Het platteland voorzag vanaf de 11e eeuw naast de heer ook de steden van voedsel en
grondstoffen voor de nijverheid. Sommige grondstoffen kwamen van verder. De steden op
hun beurt leverden nijverheidsproducten en gingen zich daarin specialiseren. Door deze
marktfunctie werden de handelsnetwerken van de steden en hun verzorgingsgebied(en) steeds
fijner vertakt. Er ontstond dus weer een agrarisch-urbane samenleving met verstedelijking en
een monetaire/ geld economie. Dus: toename voedselproductie --> bevolkingsgroei -->
opkomst NL’ economie. Om hun economische belangen te beschermen wilden de steden
stadsrechten (recht, muren, verdediging) in ruil voor geld en steun aan de heerser. Bovendien
bevorderde dit zijn welvaart. Schepenen werden de leiders van de steden (bestuur en recht).
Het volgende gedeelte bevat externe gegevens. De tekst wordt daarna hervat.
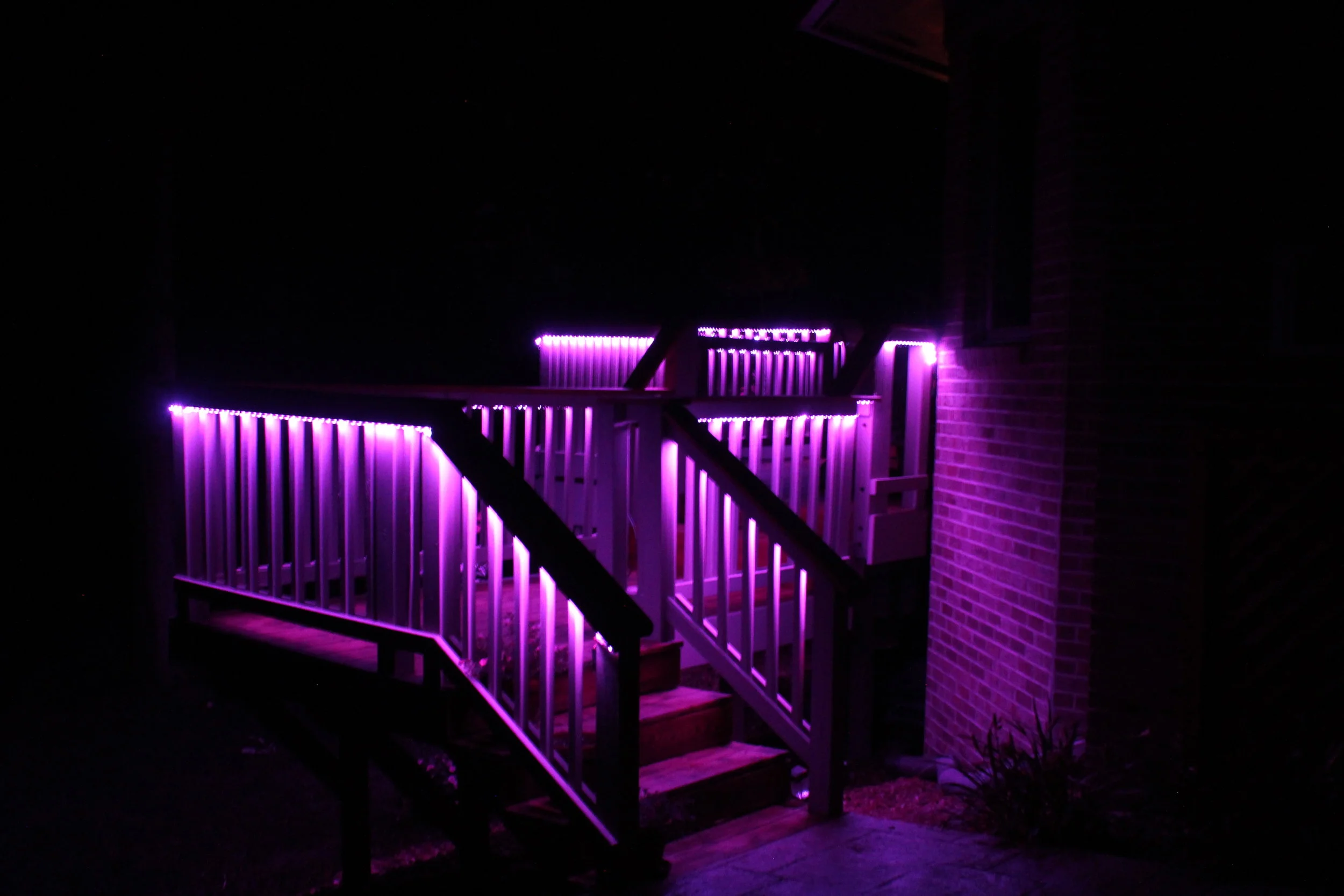 Copy of IMG_8997.JPG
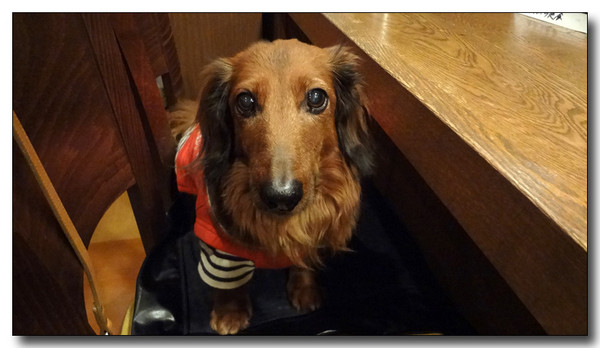 20130212202459.JPG
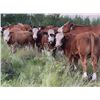 Image 2 : 4M Cattle Co. - 770# Steer Calves - 80 Head (Stauffer, AB)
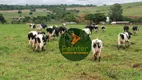Foto 23 de Fazenda/Sítio à venda, 726000m² em Zona Rural, Itaguari
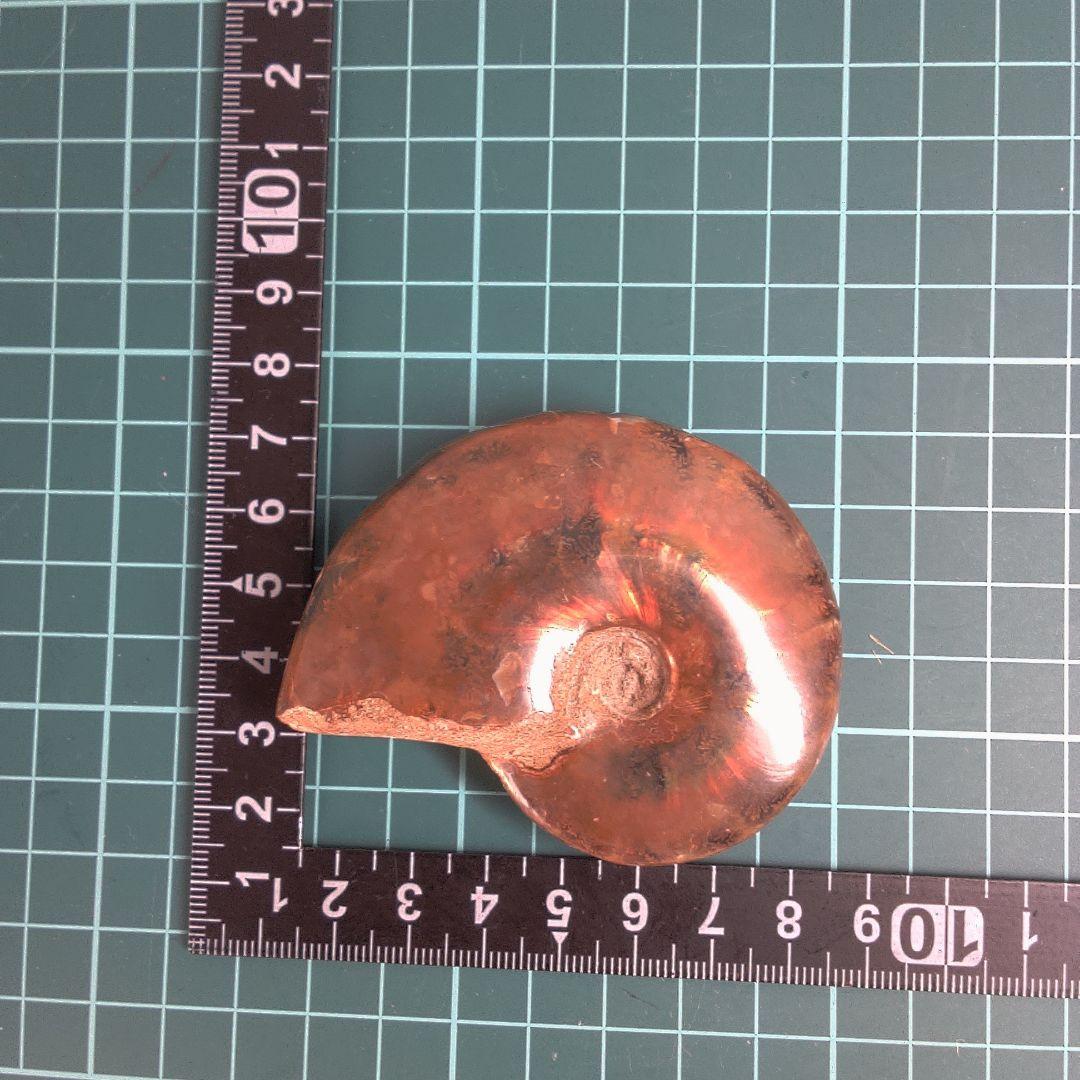小物１ アンモナイト化石 赤褐色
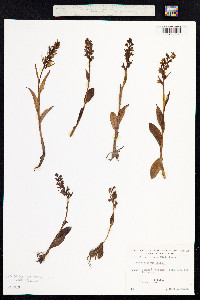 Dactylorhiza viridis image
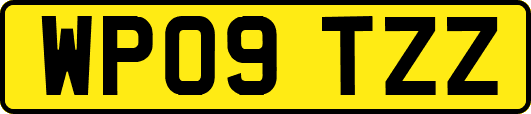 WP09TZZ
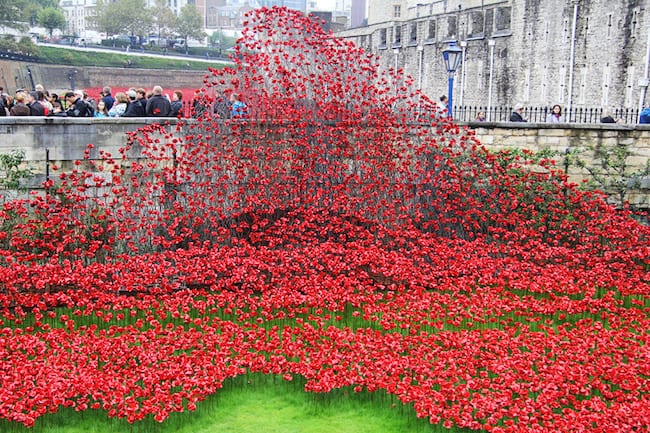 Public Art | Tower of London Poppies Complete, Artists to be recognized by Queen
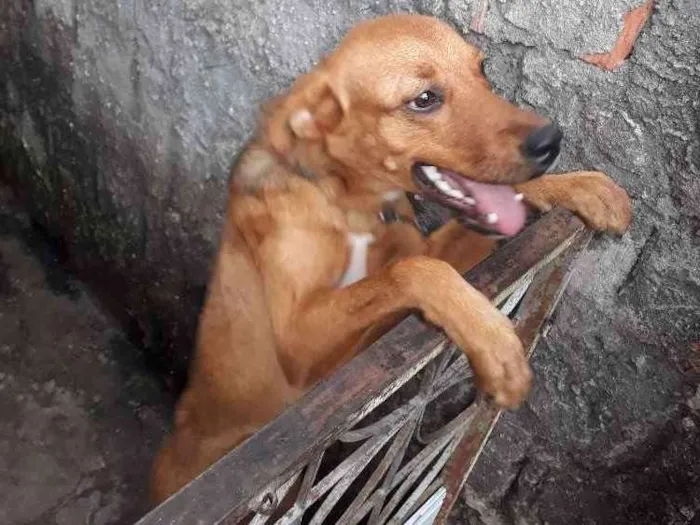 Cachorro raça Vira-lata idade 2 a 6 meses nome Brisa
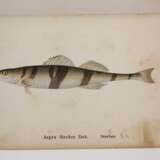 Die Fische Deutschlands und der Schweiz - фото 5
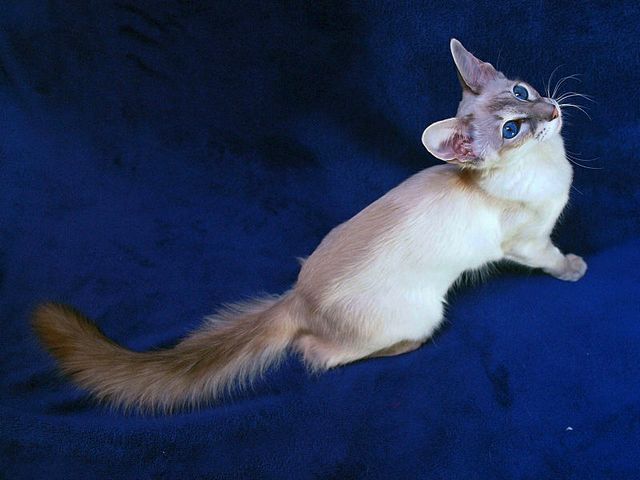 Выведенные породы кошек в Томарях | ЗооТом портал о животных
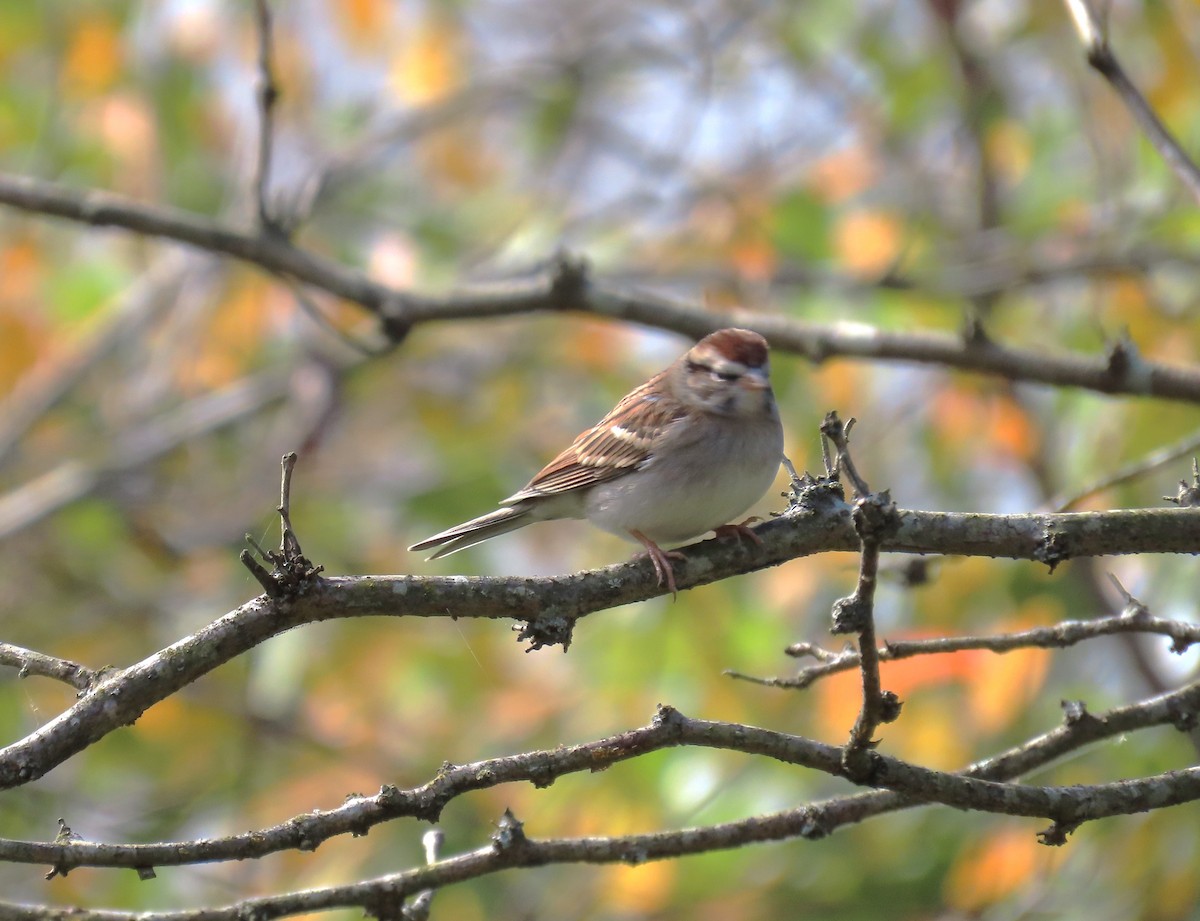Chipping Sparrow - Anne Cianni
Door hongersnoden en pestepidemieën kwam er aan de bevolkingsgroei in de 14e eeuw een
eind. Desondanks ging de verstedelijking en commercialisering (handelen) door. Dit
gebeurde voornamelijk in Noord-Italië en Vlaanderen, terwijl in 1500 Oost-, Midden- en
Noord-Europa + Iberisch schiereiland haast niet waren verstedelijkt. De bevolking in de
steden bleef 'hoog’ door de migraties. Zij hielden en ontwikkelden de economie en konden
ook burger worden. Maar geestelijken, paupers en ongeschoolde arbeiders behoorden niet tot
de poorters.
Binnen de Nederlanden was in Vlaanderen/ Artesië als eerste sprake van verstedelijking (11e
eeuw). Tot de 13e eeuw was Atrecht, 499 bisschop, (A) de machtigste stad doordat handelaren
en bankiers uit die stad een centrale plaats kregen in de lakennijverheid = stedelijke
dynamiek. Ze was zo machtig door de vruchtbare leembodem (tarwe) waardoor veel mensen
onderhouden konden worden. Verder werden er schapen gehouden die zorgen voor wol
landbouwnijverheid. Laken was de belangrijkste soort textiel in Europa en vond een
vruchtbare voedingsbodem in Vlaamse/ Artesische steden. Ze dreven handel met de grootste
leverancier Engeland en lagen op een strategische plek. In Champagne werden jaarmarkten
gehouden, waar men kon handeldrijven (It.) met kooplieden van overal vandaan. De
producten werden ook weer verder verhandeld. Er waren veel ambachten nodig tot de
productie:
1. Wevers, van gesponnen woldraden een weefsel maken.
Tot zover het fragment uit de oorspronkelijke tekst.